Problem to solve>
Whenever "With" appears in a line, please copy that line from the data.

Records from a dataset:

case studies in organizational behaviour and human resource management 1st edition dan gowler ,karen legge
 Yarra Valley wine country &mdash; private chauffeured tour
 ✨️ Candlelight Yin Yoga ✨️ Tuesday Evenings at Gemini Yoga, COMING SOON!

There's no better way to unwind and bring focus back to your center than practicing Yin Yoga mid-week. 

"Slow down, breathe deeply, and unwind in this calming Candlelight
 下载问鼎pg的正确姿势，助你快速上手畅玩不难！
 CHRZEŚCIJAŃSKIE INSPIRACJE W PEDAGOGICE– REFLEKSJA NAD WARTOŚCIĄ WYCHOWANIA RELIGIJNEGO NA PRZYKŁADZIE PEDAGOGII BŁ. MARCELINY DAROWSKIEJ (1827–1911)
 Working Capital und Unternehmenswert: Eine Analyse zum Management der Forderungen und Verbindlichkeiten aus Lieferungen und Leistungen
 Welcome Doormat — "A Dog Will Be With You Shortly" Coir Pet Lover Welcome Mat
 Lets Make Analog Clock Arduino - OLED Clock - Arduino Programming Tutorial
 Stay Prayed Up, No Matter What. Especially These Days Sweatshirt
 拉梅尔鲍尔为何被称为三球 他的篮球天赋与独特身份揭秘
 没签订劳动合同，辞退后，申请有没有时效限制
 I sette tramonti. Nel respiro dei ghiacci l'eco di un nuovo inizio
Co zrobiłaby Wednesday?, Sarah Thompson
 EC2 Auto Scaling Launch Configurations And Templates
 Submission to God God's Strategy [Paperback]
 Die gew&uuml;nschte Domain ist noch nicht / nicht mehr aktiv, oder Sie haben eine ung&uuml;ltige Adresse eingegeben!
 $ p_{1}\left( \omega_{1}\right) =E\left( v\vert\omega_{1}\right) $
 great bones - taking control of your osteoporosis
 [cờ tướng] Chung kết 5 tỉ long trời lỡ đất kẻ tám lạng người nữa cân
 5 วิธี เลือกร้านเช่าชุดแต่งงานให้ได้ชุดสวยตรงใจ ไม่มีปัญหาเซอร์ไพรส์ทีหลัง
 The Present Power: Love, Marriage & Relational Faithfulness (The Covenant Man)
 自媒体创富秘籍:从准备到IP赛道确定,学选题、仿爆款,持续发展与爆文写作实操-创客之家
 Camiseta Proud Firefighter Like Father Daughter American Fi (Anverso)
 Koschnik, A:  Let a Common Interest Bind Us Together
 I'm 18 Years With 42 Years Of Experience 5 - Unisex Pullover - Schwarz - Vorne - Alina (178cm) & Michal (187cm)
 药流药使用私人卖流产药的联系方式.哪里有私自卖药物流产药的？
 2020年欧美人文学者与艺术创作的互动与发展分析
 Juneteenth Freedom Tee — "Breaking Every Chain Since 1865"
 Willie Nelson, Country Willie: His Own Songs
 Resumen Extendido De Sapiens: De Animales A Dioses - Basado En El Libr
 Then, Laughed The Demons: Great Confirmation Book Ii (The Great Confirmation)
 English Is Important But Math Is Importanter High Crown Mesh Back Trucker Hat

Answer for this exercise>
 Welcome Doormat — "A Dog Will Be With You Shortly" Coir Pet Lover Welcome Mat
 I'm 18 Years With 42 Years Of Experience 5 - Unisex Pullover - Schwarz - Vorne - Alina (178cm) & Michal (187cm)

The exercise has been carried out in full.